YOUR GOAL
Quote exactly the lines from the start of the entries to the one with "Photo 10 of", both ends included.

[[ SOURCE MATERIAL, beginning ]]

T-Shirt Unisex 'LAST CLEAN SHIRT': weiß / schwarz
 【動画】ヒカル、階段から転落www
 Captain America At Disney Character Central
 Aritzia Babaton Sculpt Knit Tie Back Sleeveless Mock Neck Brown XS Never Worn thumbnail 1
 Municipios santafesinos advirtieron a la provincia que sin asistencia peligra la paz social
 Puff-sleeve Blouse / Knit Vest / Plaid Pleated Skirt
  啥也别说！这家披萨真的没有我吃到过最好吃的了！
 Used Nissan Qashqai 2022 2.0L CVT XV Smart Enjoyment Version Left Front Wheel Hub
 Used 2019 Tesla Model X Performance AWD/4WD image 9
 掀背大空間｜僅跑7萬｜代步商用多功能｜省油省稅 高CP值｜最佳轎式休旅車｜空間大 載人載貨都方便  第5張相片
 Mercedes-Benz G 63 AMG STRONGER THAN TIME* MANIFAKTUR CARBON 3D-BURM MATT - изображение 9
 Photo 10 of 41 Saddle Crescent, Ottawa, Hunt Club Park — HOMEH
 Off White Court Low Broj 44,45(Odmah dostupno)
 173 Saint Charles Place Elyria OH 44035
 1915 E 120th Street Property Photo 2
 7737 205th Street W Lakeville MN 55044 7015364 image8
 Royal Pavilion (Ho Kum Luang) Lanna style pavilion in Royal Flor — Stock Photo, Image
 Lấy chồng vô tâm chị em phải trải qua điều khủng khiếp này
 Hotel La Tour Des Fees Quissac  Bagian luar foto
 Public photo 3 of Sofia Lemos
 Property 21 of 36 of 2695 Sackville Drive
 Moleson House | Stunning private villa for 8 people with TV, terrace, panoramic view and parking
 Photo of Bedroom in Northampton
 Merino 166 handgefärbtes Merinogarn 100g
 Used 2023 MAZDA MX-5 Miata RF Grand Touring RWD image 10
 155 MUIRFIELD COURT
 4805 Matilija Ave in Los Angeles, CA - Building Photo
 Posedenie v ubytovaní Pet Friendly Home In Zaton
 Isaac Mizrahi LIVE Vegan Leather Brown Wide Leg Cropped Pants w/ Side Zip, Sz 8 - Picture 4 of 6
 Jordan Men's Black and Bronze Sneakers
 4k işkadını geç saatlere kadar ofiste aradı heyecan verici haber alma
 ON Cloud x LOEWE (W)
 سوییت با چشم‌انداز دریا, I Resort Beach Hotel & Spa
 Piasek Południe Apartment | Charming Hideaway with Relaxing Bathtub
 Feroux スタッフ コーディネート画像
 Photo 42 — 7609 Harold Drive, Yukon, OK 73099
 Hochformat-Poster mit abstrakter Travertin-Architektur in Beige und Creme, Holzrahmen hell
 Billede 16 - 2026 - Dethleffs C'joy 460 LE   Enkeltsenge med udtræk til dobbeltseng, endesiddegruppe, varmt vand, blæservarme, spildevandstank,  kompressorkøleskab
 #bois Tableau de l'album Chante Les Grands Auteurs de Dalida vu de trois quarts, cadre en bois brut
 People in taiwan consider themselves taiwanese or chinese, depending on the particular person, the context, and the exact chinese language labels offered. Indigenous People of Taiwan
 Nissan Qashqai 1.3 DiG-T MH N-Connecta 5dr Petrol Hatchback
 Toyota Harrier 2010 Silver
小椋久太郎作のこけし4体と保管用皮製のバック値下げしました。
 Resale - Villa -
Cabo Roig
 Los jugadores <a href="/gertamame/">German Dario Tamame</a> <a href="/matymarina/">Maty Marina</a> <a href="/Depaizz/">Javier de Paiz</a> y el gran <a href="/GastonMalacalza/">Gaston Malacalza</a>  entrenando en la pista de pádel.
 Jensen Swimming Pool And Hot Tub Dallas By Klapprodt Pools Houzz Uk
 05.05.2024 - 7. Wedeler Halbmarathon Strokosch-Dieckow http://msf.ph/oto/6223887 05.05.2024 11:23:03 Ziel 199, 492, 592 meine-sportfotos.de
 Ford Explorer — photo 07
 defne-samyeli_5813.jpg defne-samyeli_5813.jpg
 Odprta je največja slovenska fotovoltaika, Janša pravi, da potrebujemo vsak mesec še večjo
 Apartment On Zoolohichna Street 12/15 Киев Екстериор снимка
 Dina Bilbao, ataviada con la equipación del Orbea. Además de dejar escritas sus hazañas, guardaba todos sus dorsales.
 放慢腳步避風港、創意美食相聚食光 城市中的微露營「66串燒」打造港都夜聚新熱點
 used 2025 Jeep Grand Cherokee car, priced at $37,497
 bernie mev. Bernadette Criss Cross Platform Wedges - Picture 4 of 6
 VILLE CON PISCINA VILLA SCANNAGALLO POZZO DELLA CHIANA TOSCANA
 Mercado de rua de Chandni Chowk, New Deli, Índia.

[[ SOURCE MATERIAL, end ]]

TASK SOLUTION
T-Shirt Unisex 'LAST CLEAN SHIRT': weiß / schwarz
 【動画】ヒカル、階段から転落www
 Captain America At Disney Character Central
 Aritzia Babaton Sculpt Knit Tie Back Sleeveless Mock Neck Brown XS Never Worn thumbnail 1
 Municipios santafesinos advirtieron a la provincia que sin asistencia peligra la paz social
 Puff-sleeve Blouse / Knit Vest / Plaid Pleated Skirt
  啥也别说！这家披萨真的没有我吃到过最好吃的了！
 Used Nissan Qashqai 2022 2.0L CVT XV Smart Enjoyment Version Left Front Wheel Hub
 Used 2019 Tesla Model X Performance AWD/4WD image 9
 掀背大空間｜僅跑7萬｜代步商用多功能｜省油省稅 高CP值｜最佳轎式休旅車｜空間大 載人載貨都方便  第5張相片
 Mercedes-Benz G 63 AMG STRONGER THAN TIME* MANIFAKTUR CARBON 3D-BURM MATT - изображение 9
 Photo 10 of 41 Saddle Crescent, Ottawa, Hunt Club Park — HOMEH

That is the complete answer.